▶ **ABOUT THIS TASK**
Quote the material below exactly as written, from the first line to the line that holds "企鹅体育电竞网页版深度测评：畅享精彩赛事与多元互动功能的极致体验", endpoints included.

▶ **RECORDS SHOWN**
------------------------

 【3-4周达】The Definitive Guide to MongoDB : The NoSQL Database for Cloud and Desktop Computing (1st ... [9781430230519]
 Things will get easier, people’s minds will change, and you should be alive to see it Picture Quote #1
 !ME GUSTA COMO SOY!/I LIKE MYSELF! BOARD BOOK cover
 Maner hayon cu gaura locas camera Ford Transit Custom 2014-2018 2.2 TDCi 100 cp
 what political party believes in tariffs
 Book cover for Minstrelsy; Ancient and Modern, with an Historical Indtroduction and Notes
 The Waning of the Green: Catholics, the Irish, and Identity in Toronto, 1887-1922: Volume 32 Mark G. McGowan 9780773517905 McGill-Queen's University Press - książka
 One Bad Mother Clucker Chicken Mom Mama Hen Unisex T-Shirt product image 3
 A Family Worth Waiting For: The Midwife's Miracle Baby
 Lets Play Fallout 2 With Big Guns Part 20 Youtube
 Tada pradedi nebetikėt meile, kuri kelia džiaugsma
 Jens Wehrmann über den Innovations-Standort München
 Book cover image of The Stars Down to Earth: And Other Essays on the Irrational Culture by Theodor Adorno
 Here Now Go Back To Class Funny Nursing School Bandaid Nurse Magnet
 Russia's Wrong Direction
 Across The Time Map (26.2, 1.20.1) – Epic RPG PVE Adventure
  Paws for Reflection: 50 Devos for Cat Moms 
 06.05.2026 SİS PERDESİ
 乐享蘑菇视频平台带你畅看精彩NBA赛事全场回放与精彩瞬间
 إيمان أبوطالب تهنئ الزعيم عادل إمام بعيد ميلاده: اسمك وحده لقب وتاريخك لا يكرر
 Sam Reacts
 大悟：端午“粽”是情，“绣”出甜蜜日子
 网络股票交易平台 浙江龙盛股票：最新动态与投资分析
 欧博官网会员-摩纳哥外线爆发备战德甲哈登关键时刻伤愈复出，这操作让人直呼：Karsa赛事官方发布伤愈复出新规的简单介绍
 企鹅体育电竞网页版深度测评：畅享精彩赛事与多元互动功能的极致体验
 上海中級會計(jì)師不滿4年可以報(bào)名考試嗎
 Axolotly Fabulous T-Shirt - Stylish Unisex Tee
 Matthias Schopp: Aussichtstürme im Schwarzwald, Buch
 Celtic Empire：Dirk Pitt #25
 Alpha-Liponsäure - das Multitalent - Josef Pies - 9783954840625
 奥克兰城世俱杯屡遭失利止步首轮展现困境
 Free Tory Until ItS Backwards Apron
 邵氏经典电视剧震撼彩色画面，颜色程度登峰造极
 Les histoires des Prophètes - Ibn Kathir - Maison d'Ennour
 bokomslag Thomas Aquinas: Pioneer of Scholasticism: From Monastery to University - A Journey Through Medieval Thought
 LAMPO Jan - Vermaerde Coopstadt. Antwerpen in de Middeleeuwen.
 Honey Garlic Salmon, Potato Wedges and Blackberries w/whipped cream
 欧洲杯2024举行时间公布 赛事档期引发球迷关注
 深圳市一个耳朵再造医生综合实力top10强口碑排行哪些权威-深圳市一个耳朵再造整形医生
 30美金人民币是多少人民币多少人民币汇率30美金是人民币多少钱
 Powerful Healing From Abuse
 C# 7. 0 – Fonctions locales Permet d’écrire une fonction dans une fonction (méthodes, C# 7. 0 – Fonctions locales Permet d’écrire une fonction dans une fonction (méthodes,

------------------------

▶ **TASK SOLUTION**
 【3-4周达】The Definitive Guide to MongoDB : The NoSQL Database for Cloud and Desktop Computing (1st ... [9781430230519]
 Things will get easier, people’s minds will change, and you should be alive to see it Picture Quote #1
 !ME GUSTA COMO SOY!/I LIKE MYSELF! BOARD BOOK cover
 Maner hayon cu gaura locas camera Ford Transit Custom 2014-2018 2.2 TDCi 100 cp
 what political party believes in tariffs
 Book cover for Minstrelsy; Ancient and Modern, with an Historical Indtroduction and Notes
 The Waning of the Green: Catholics, the Irish, and Identity in Toronto, 1887-1922: Volume 32 Mark G. McGowan 9780773517905 McGill-Queen's University Press - książka
 One Bad Mother Clucker Chicken Mom Mama Hen Unisex T-Shirt product image 3
 A Family Worth Waiting For: The Midwife's Miracle Baby
 Lets Play Fallout 2 With Big Guns Part 20 Youtube
 Tada pradedi nebetikėt meile, kuri kelia džiaugsma
 Jens Wehrmann über den Innovations-Standort München
 Book cover image of The Stars Down to Earth: And Other Essays on the Irrational Culture by Theodor Adorno
 Here Now Go Back To Class Funny Nursing School Bandaid Nurse Magnet
 Russia's Wrong Direction
 Across The Time Map (26.2, 1.20.1) – Epic RPG PVE Adventure
  Paws for Reflection: 50 Devos for Cat Moms 
 06.05.2026 SİS PERDESİ
 乐享蘑菇视频平台带你畅看精彩NBA赛事全场回放与精彩瞬间
 إيمان أبوطالب تهنئ الزعيم عادل إمام بعيد ميلاده: اسمك وحده لقب وتاريخك لا يكرر
 Sam Reacts
 大悟：端午“粽”是情，“绣”出甜蜜日子
 网络股票交易平台 浙江龙盛股票：最新动态与投资分析
 欧博官网会员-摩纳哥外线爆发备战德甲哈登关键时刻伤愈复出，这操作让人直呼：Karsa赛事官方发布伤愈复出新规的简单介绍
 企鹅体育电竞网页版深度测评：畅享精彩赛事与多元互动功能的极致体验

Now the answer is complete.